5 Things Nurses Want You To Know But Can’t Ever Tell You

ER: The Complete Seasons 1-15
ER: The Complete Seasons 1-15

1. We cry at home for you.

Nurses might seem like we have it all together while we are working hard to take care of you, but the truth is that sometimes after a particularly heavy shift, we cry our freaking eyes out over your/your families pain. Sometimes the stress of taking care of you while you are very critically ill is not only mentally, but also physically exhausting. We spend twelve hours at a time running around to get all of the supplies we need for your various tests, procedures, medications, and therapies, but really wish we could spend more time just holding your hand. Lots of people tell us “We don’t know how you can be a nurse! I could never do what you do.” Well, the thing is, we have all those same feelings too. The emotions that we have from watching a mother pass away from a trauma after we code them for hours, or diagnosing a child with new onset cancer, or even just knowing that you’re stuck in the hospital on a major holiday don’t just dissolve when we clock out at 7:30. They stay with us at home, and sometimes we cry when we leave because we just need to let it all out.

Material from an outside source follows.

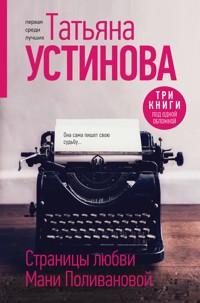 Страницы любви Мани Поливановой. Три книги под одной обложкой - Татьяна Устинова - E-Book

2. We are happy to be your shoulder to cry on, but not your punching bag.

We work our asses off to ensure safe and effective care to you as well as our other patients. We understand you are in terrible pain, and the last thing we want is for you to wait for medicine and relief. But what you don’t know is that when you pressed the call bell for us 20 minutes ago, we were actually elbow deep in helping the bedridden patient who just soiled himself. When we finally arrive to your bedside with the long awaited med, your angry jabs at our competency as a nurse or your insistence that we don’t care about you are totally inaccurate. Refer to the part in number 1 where I said I wish we could spend more time just holding your hand, but can’t because we are busy providing as much medical care as we can to as many patients as we can as quickly as we can.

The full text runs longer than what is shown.